Yes, i have modified the workflow and the sample12 file in which Flgs I am splitting into columns , if you run this workflow , it will throw an error.jsonParallelFileEg1.knwf (155.4 KB)
mysample12.json (2.2 KB)
mysample13.json (2.1 KB)
mysample14.json (2.5 KB)
mysample15.json (2 Bytes)
mysample15.json (2 Bytes)
mysample12.json (1.7 KB)

armingrudd · September 5, 2019, 9:58am

The error is not related to the empty JSON files. Check the first chunk. In the JSON to Table Metanode, the Split Collection Column is producing 3 extra columns for the first chunk but the other chunks do not have these 3 columns.

The first file here has “Flags” under “Obserts” but the rest of the files do not have “Flags”.
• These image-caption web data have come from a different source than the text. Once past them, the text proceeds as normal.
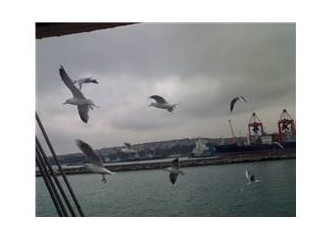 Sesleniş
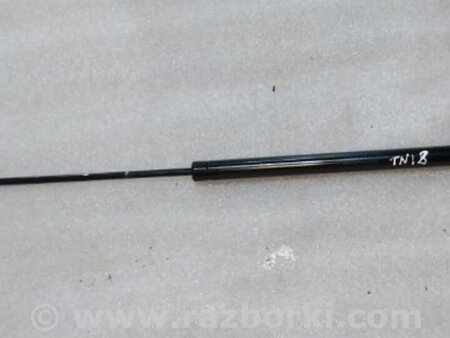 ФОТО Амортизатор крышки багажника для Audi (Ауди) A4 V B9 - 8W (2015-) Київ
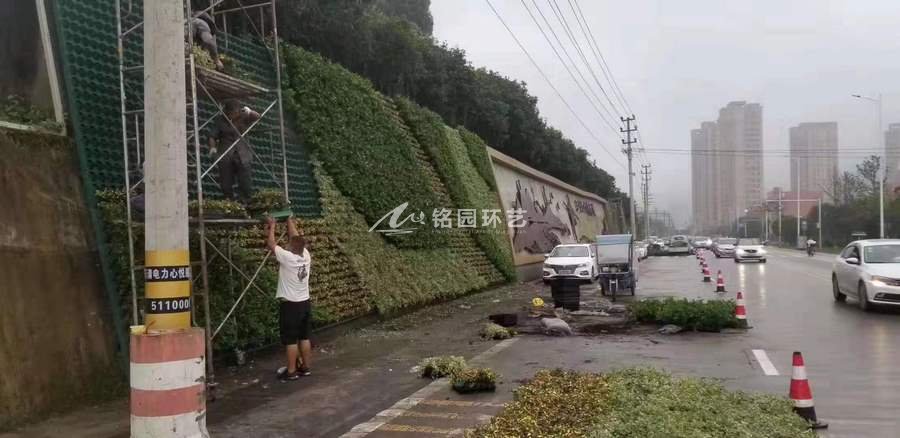 护坡植物墙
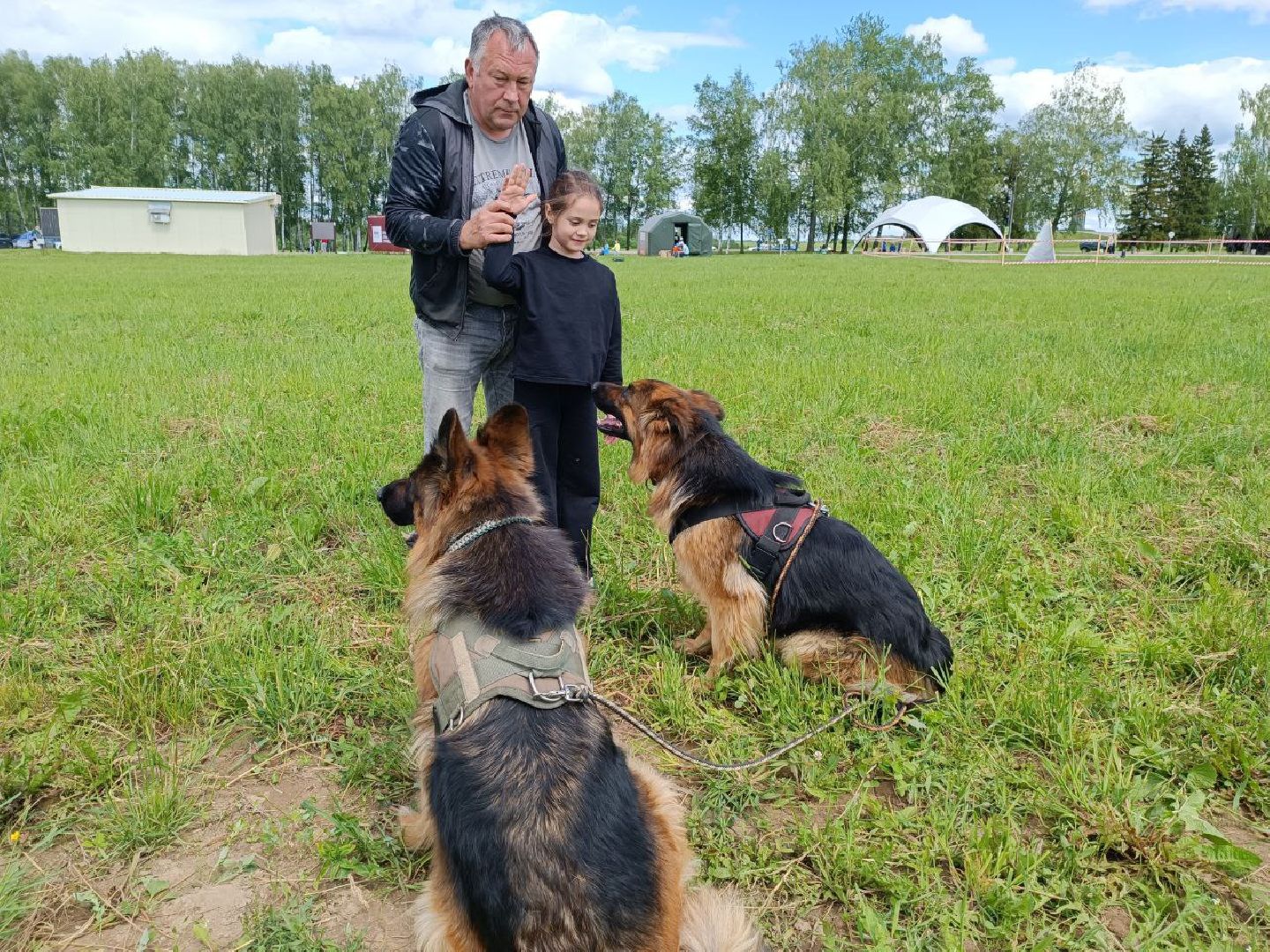Можайск, Можайский городской округ, Подмосковье, служебные собаки, люди, дог-шоу, показательные выступления, собаки, дрессировка, кинолог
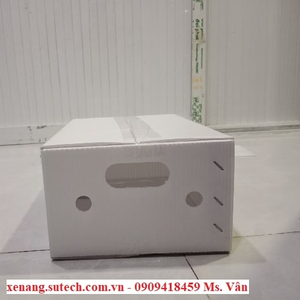 Thùng đựng gừng 3kg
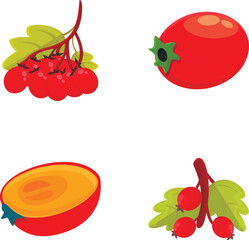 Wall Mural - Juicy hawthorn icons set cartoon vector. Hawberry branch with red berry and leaf. Nature, medical plant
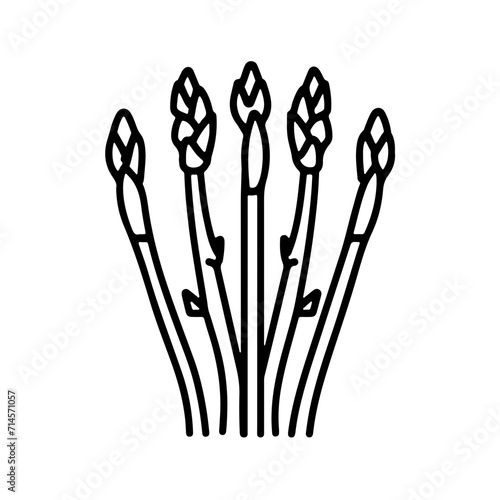Asparagus Icon
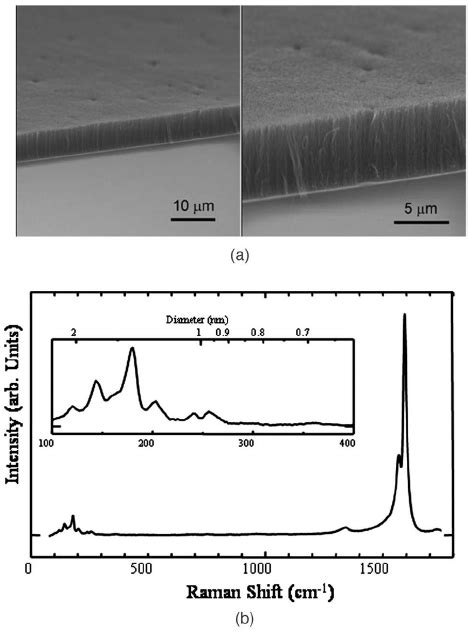 Sem Image Of Swnts On Quartz Substrate A And Raman Spectrum At Nm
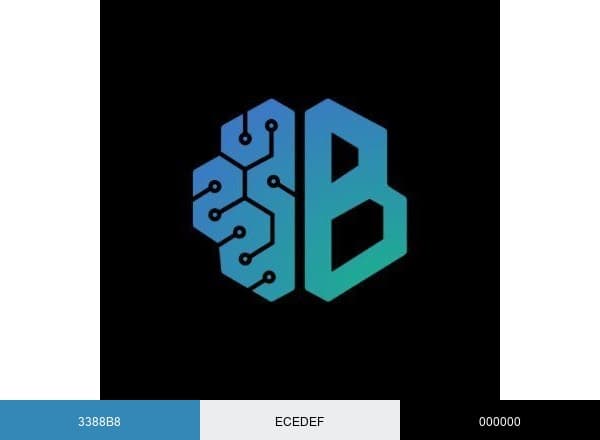 Brian brand color palette
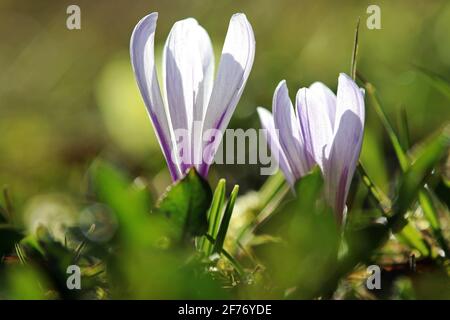 Gros plan de deux crocus violets et blancs qui fleurissent un pré au printemps Banque D'Images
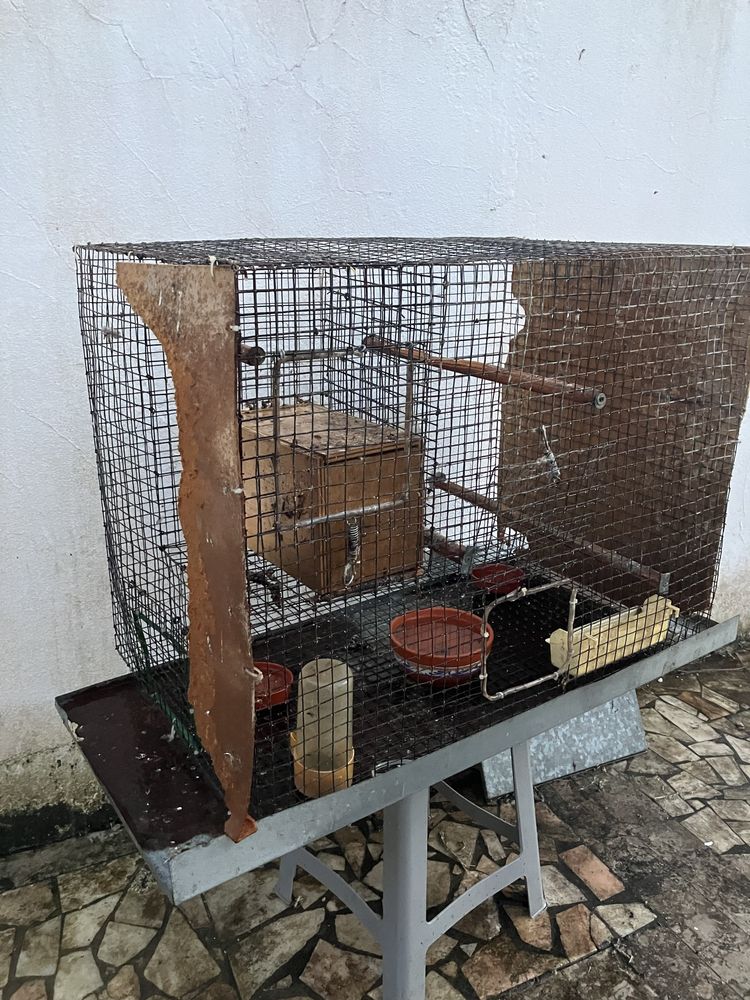 Viveiros para pássaros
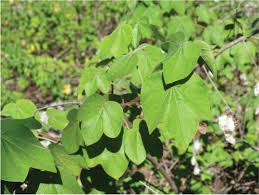Image result for Phyllanthus parvulus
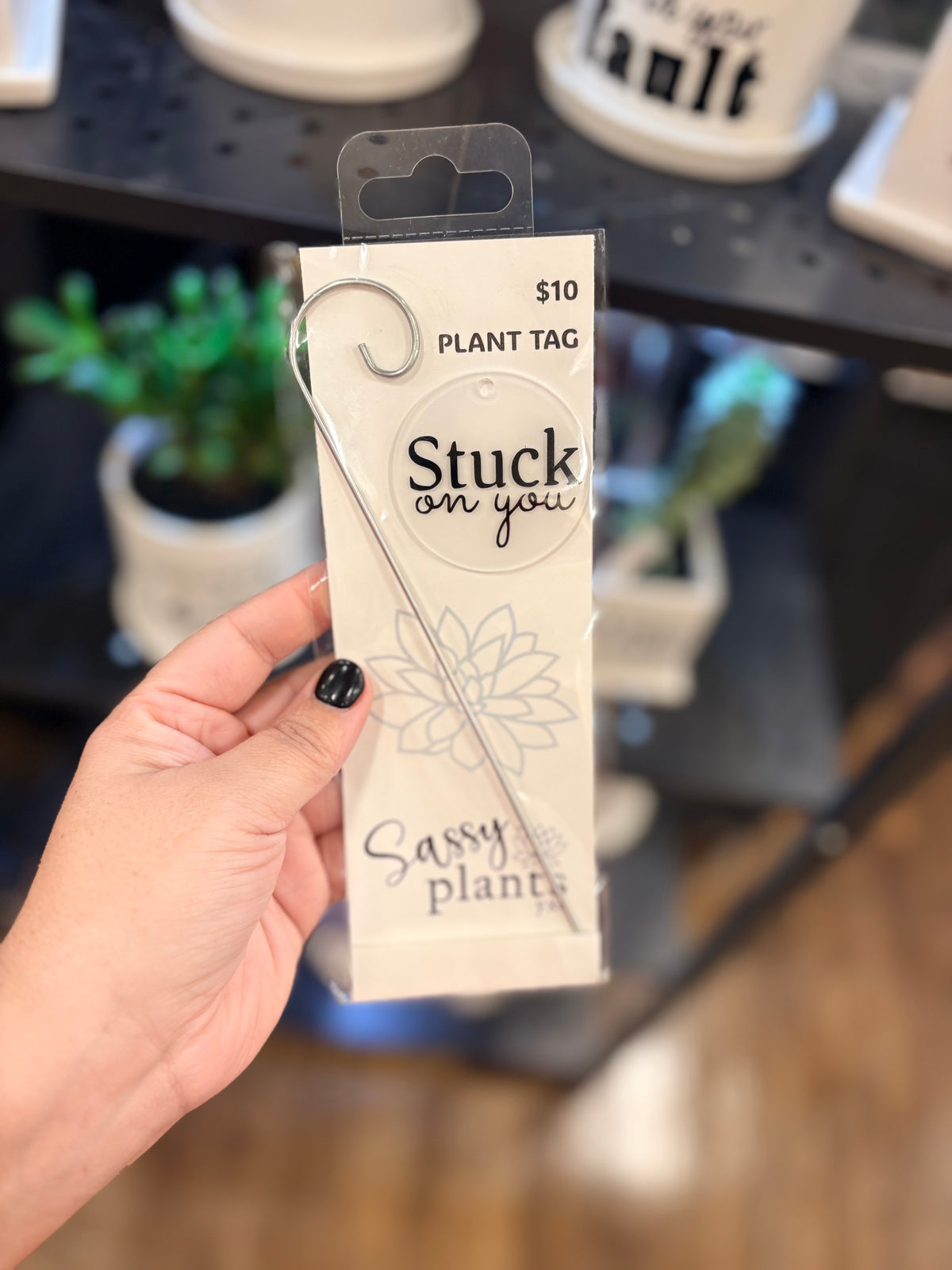 Sassy Plants - Planter Tags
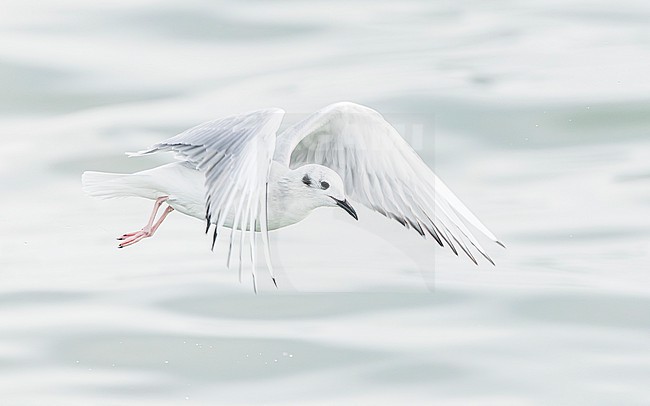 Bonaparte's gull (Chroicocephalus philadelphia) stock-image by Agami/Lennart Verheuvel,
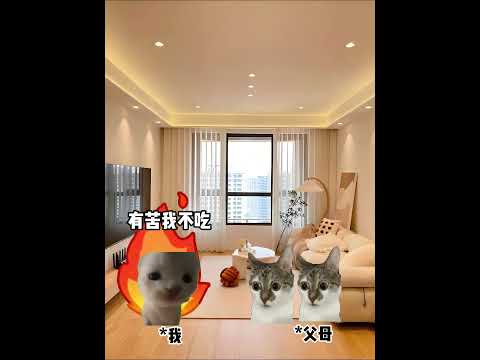 当父母对我很失望时 有趣 猫meme 猫meme剧场 猫meme小剧场 内容过于真实  故事 貓 猫猫meme小剧场…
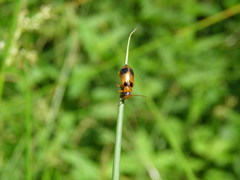 Phyllobrotica quadrimaculata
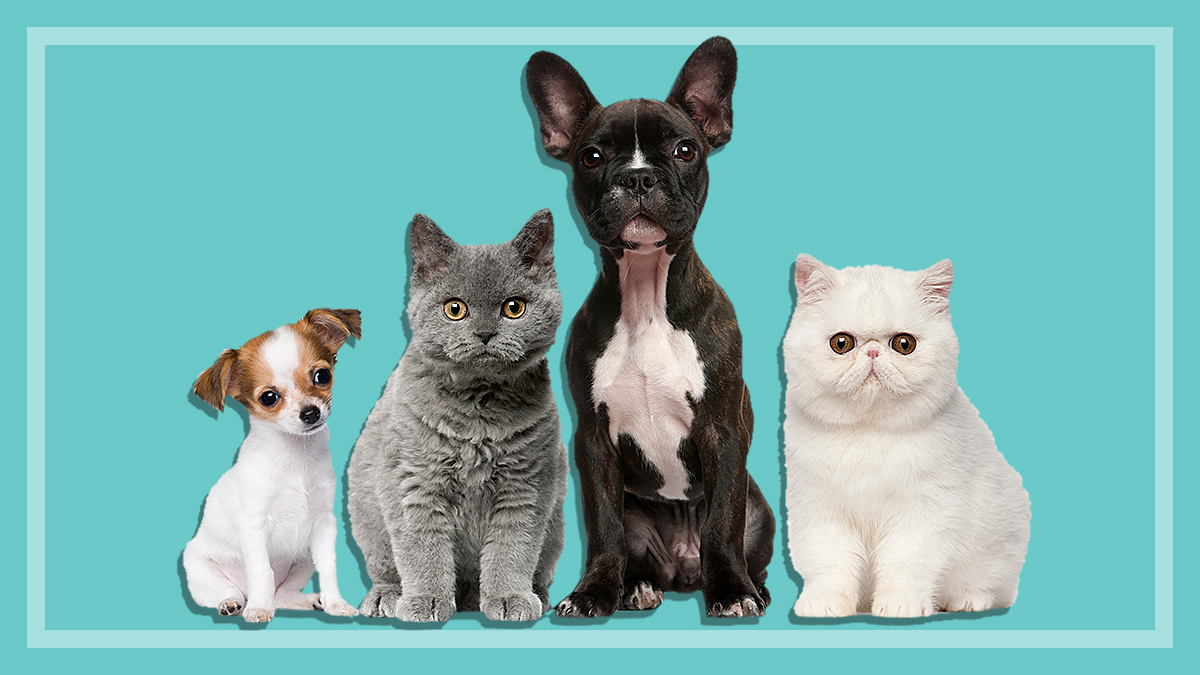 Pet insurance comparison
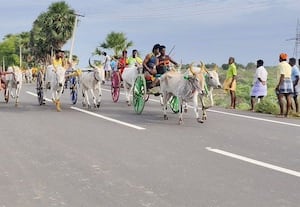 மாட்டுவண்டி பந்தயம்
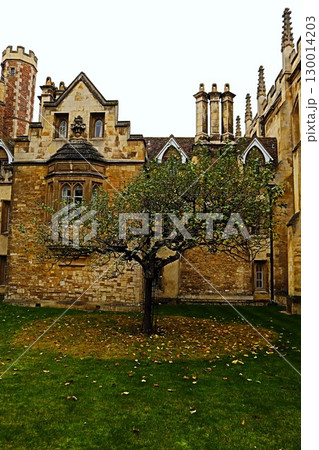 ケンブリッジ、ニュートンのリンゴの木 130014203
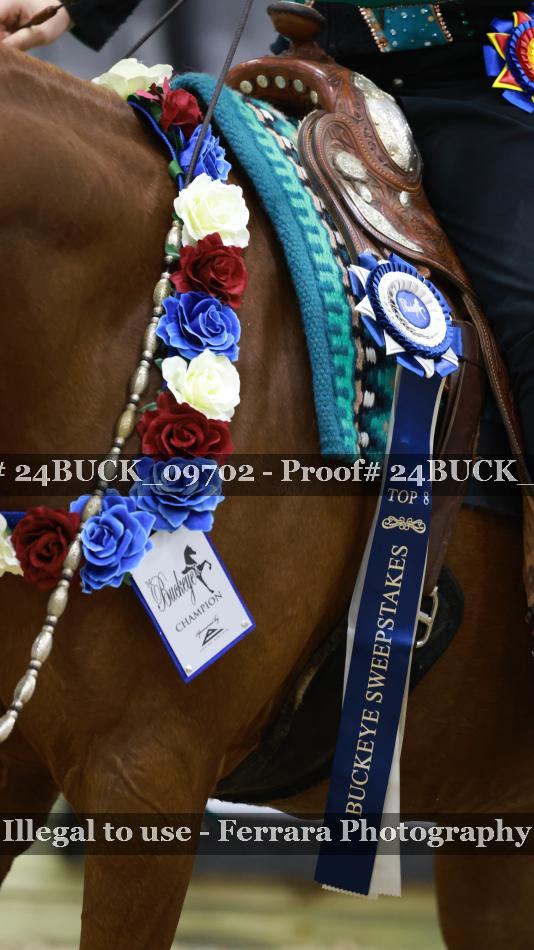 Proof 24BUCK_09702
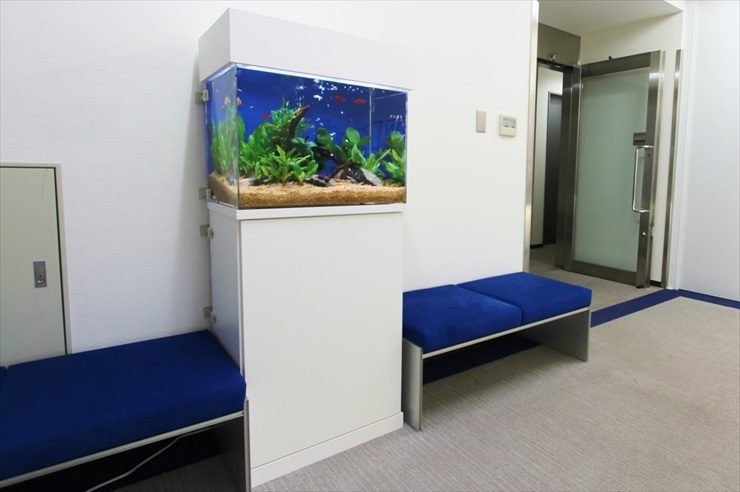 港区 オフィスのエントランス 60cm淡水魚水槽 レンタル事例 メイン画像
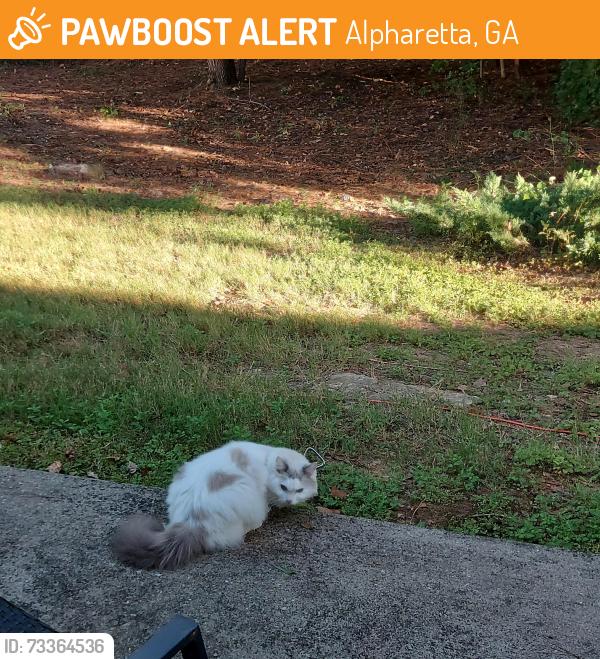 Found/Stray Unknown Cat last seen Jungle near 13300 morris road, Alpharetta, GA 30004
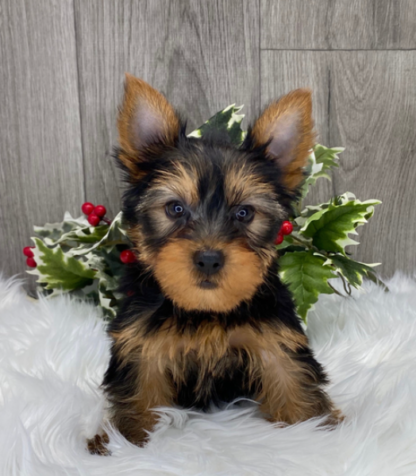 (Chester, MÄNNLICH) Yorkshire Terrier Welpen zu verkaufen – Bild 3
analytics_sharma · September 5, 2019, 10:40am

Yes, the first chunk is producing three extra column but others will not produce as the files are either empty or some files do not have that Flags parameter. This is the issue , if you run only the file with Flags and empty files , this error will occur as the file has data , it is splitting into extra columns and empty file does not have data so there is no splitting of column is happening. This is the reason I want to filter empty files at the early stage or else I need to put some logic while splitting. Do you have any suggestion for this.
Correct me if my understanding is wrong.

armingrudd · September 5, 2019, 1:43pm

When you use the files with flags and the empty file, the workflow will execute but the parallel end node throws an error which does not stop the flow.

When you use the files with flags and the files without flags, the workflow will not run at all since the column counts do not match.

Now you want to remove the empty files which do not stop your flow, how about the other files without the flags which stop the flow?

What I can suggest here is to add a label to the rows coming from the file with flags. Then after the parallel chunk, read those files again and extract the flags. I think it is better than reading all the files and filtering some and read the rest of files again.

Below is your workflow which I have modified. You can still optimize it. I just wanted to give a clue.
jsonParallelFileEg1.knwf (175.1 KB)

analytics_sharma · September 6, 2019, 8:55am

Thanks for the suggestion, it solves the problem:) just one clarification, in the last joiner 37 instead of using all the columns to join we can use some 2-3 columns?

armingrudd · September 6, 2019, 11:44am

I am glad that it was helpful.

It depends what attributes are exactly the key values that unify the records. If there is one unique attribute you can use that single column instead. Since I did not know your data, I added all the columns to make sure it works.

analytics_sharma · October 3, 2019, 5:21am

Hi ,

I have got different requirement now, in line with the above discussion, we are filtering empty files and labeling the files coming but files are coming with different number of flag columns , say 1 file has 2 flags and other file has 4 flags,because of which chunks are producing different number of columns and hence the workflow is failing.getting the error column number are different. you can the same above workflow.

armingrudd · October 3, 2019, 7:57am

Hi,

Chech “Allow changing table specifications” in the configuration window of the Loop End node.

analytics_sharma · October 3, 2019, 8:42am

Hi ,

I have tried checking the “Allow changing table specifications”, but still the workflow is failing.

armingrudd · October 3, 2019, 8:47am

Which node is failing?

analytics_sharma · October 3, 2019, 9:07am

The last node ‘parallel Chunk End’ with error Cell count in Row & Row is not equal to the lenght of column 77 vs 76. Flgs is coming as null in few files. I have attached the sample file with previous exmaplemysample13.json (2.3 KB)

armingrudd · October 3, 2019, 9:45am

I could read and run the file along with the previous files without any errors.

Would you please provide a workflow with sample data to reproduce the error?

system · April 2, 2020, 9:52pm

This topic was automatically closed 182 days after the last reply. New replies are no longer allowed.